Bed Bath & Beyond plunges after last-ditch effort to avoid bankruptcy By Reuters


© Reuters. FILE PHOTO: A shopping cart is seen at a Bed Bath & Beyond store in Manhattan, New York City, U.S., June 29, 2022. REUTERS/Andrew Kelly/File Photo

(Reuters) – Shares of Bed Bath & Beyond Inc (NASDAQ:) fell more than 30% in premarket trading on Tuesday after the retailer’s plans to raise about $1 billion through an offering failed to convince investors the company could avoid bankruptcy.

The additional capital would offer the troubled home goods chain a short window of only a few quarters to revive the business, Wall Street analysts said, adding that a weakening economy would diminish any chance of a successful turnaround.

“Unfortunately, we see a low probability that the company will be able to raise equity and view this as a ‘last gasp’ before filing for bankruptcy protection,” Wedbush analyst Seth Basham said.

Reuters reported late last month Bed Bath & Beyond was preparing to seek bankruptcy protection and had lined up liquidators to close additional stores unless a last-minute buyer emerged.

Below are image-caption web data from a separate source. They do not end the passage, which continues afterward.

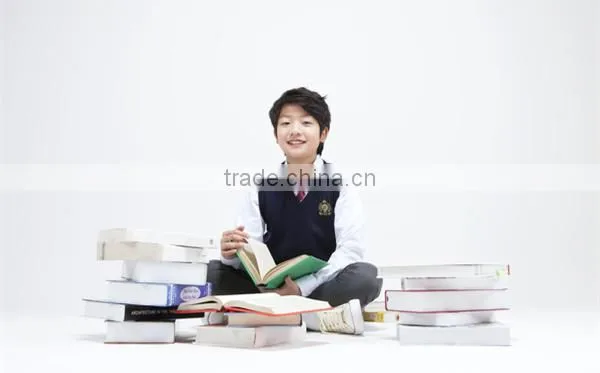 Juqian Uniforme Scolaire Students School Uniforms Girls and Boys photo-2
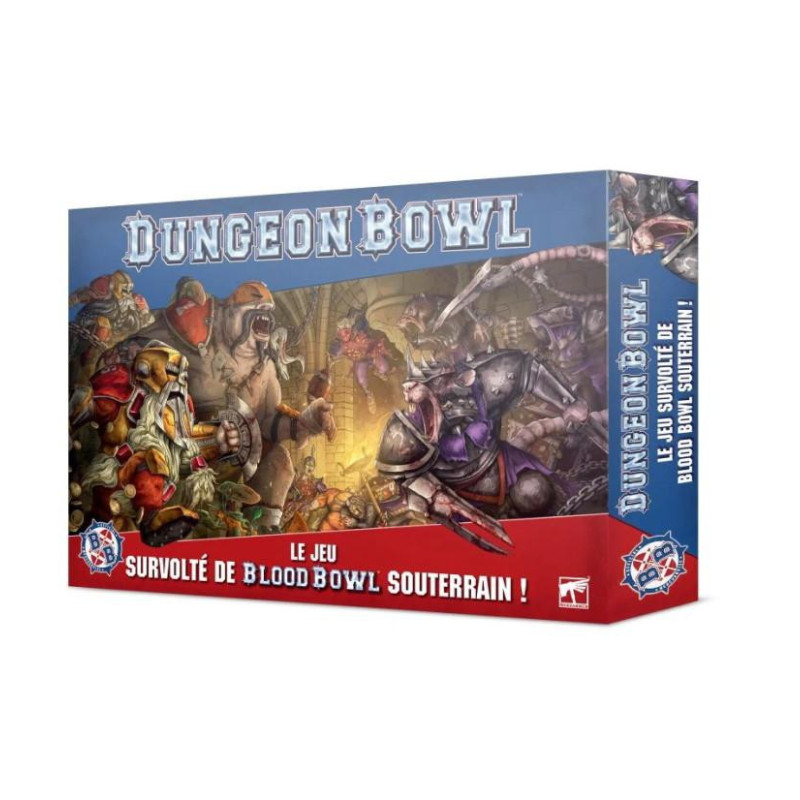 Dungeon Bowl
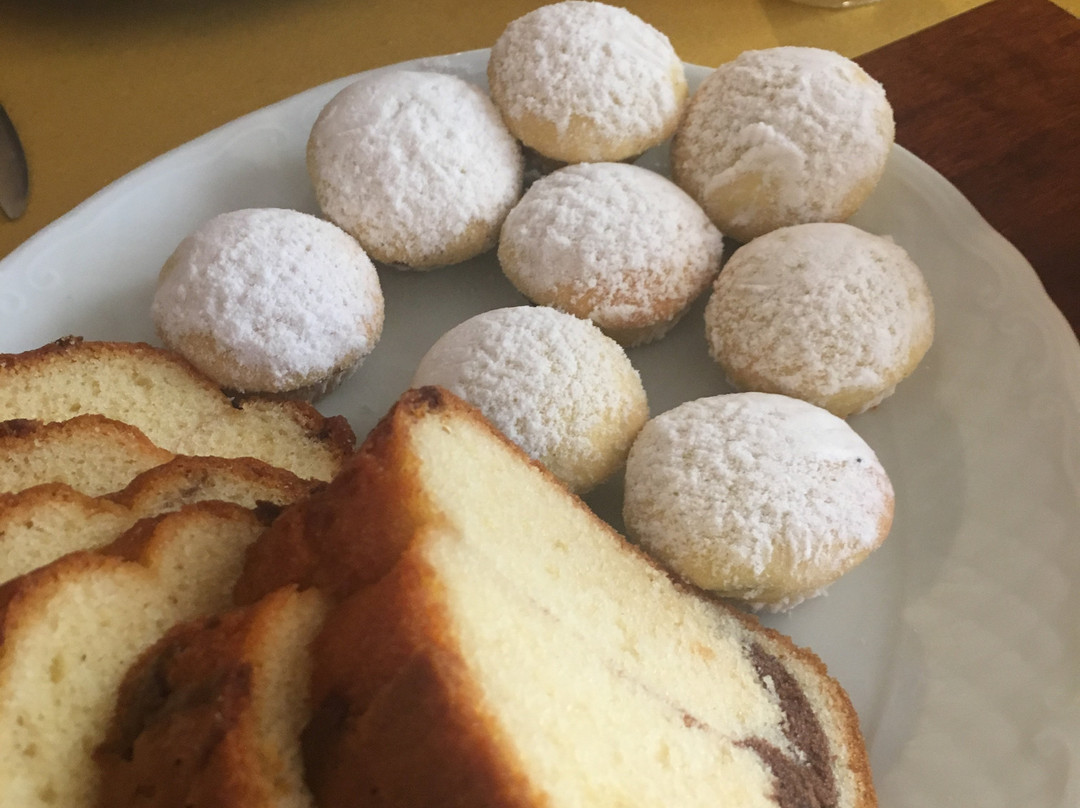 Agriturismo Angelucci主图
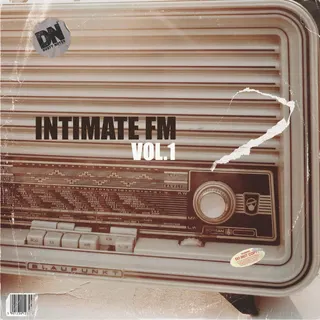 Intimate Fm Vol.1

Bed Bath & Beyond’s shares closed more than 92% higher in the last session on interest from retail traders. The shares were trading at $4.05 and were among the most discussed on stockstwits.com on Tuesday.

A part of the meme stock phenomenon, Bed Bath & Beyond stock surged to as high as $30 in August when activist investor Ryan Cohen took a stake in the company and pushed for changes.

“It’s like a cat with nine lives and we’ll see if they can take this lifeline and turn the company around. But we’re not holding our breath,” said Thomas Hayes, chairman and managing member at equity manager Great Hill Capital LLC.